Versions (relevant - OpenSearch/Dashboard/Server OS/Browser):
Opensearch (docker-compose cluster running on osx arm64)
{
"distribution": "opensearch",
"number": "2.12.0",
"build_type": "tar",
"build_hash": "2c355ce1a427e4a528778d4054436b5c4b756221",
"build_date": "2024-02-20T02:20:12.084014282Z",
"build_snapshot": false,
"lucene_version": "9.9.2",
"minimum_wire_compatibility_version": "7.10.0",
"minimum_index_compatibility_version": "7.0.0"
}
local python 3.11.8 environment:
opensearch-py==2.4.2
opensearch-py-ml==1.1.0
onnx==1.15.0
onnxruntime==1.17.1
torch==2.2.1
sentence-transformers==2.5.1
transformers==4.38.2
Describe the issue:
When attempting to deploy a custom onnx model, an exception is thrown on opensearch that it cannot locate the onnxruntime.

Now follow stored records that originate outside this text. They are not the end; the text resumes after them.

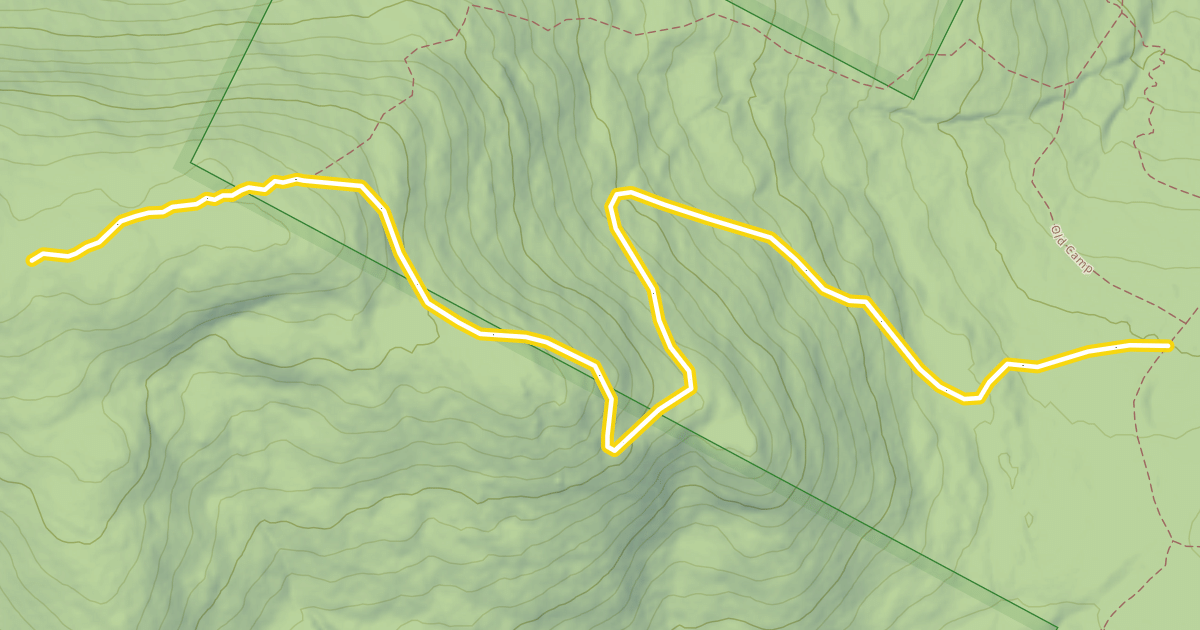Map preview of Sky Top Trail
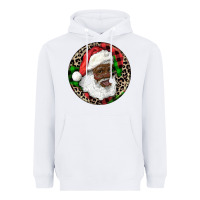White Afro Santa Christmas Heavyweight Hoodie - RanaPortraitStore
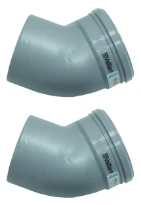 VAILLANT bocht 45° (set v 2 stuks) diam 130mm pp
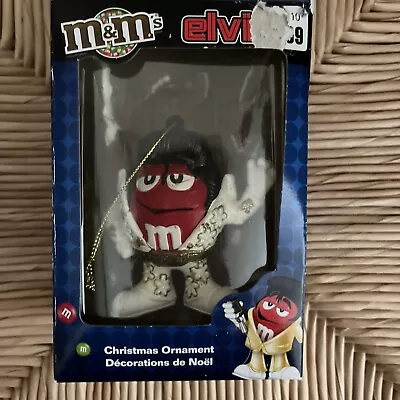 M & M's Elvis White Suit Kurt Adler Ornament 2008 New Box Shows Wear • $10.99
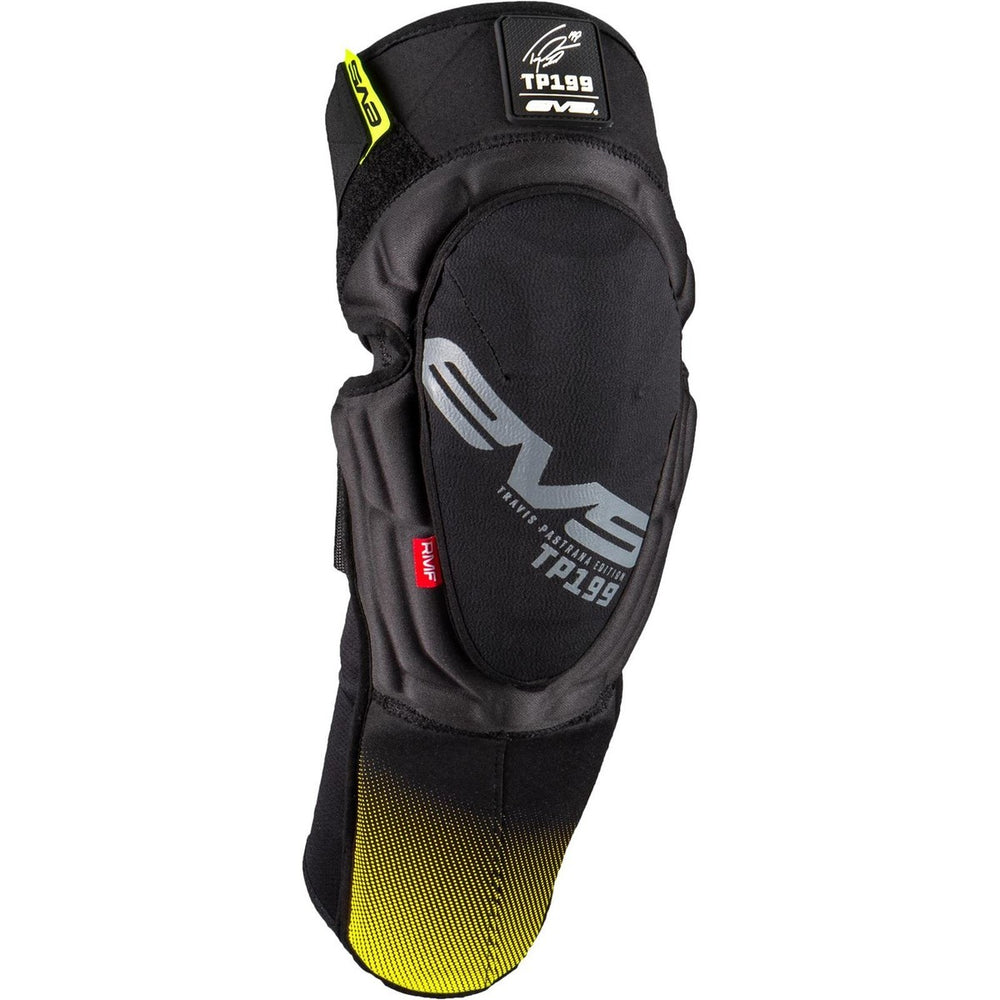EVS TP199 Knee/Shin Guard Pair Black/Hi Viz - 2XL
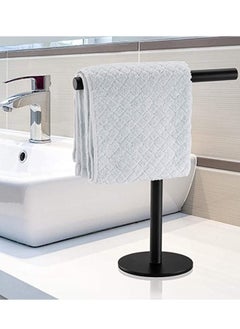 Generic Towel Rack, 304 Stainless Steel Towel Rack, Countertop Vertical Floor Standing Towel Bar, Bathroom Bathroom Paper Towel Holder, Kitchen Hanger, Stainless Steel T-Shaped Towel Holder  - Image 5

Caused by: java.lang.ExceptionInInitializerError: Exception java.lang.UnsatisfiedLinkError: no onnxruntime in java.library.path: :/usr/share/opensearch/plugins/opensearch-knn/lib:/usr/java/packages/lib:/usr/lib64:/lib64:/lib:/usr/lib
Full description
I want to load this huggingface model into opensearch for text embeddings.
I am running the following python code to convert to onnx and register the model on opensearch. I can see the model successfully registered in opensearch, but it fails during the deployment step.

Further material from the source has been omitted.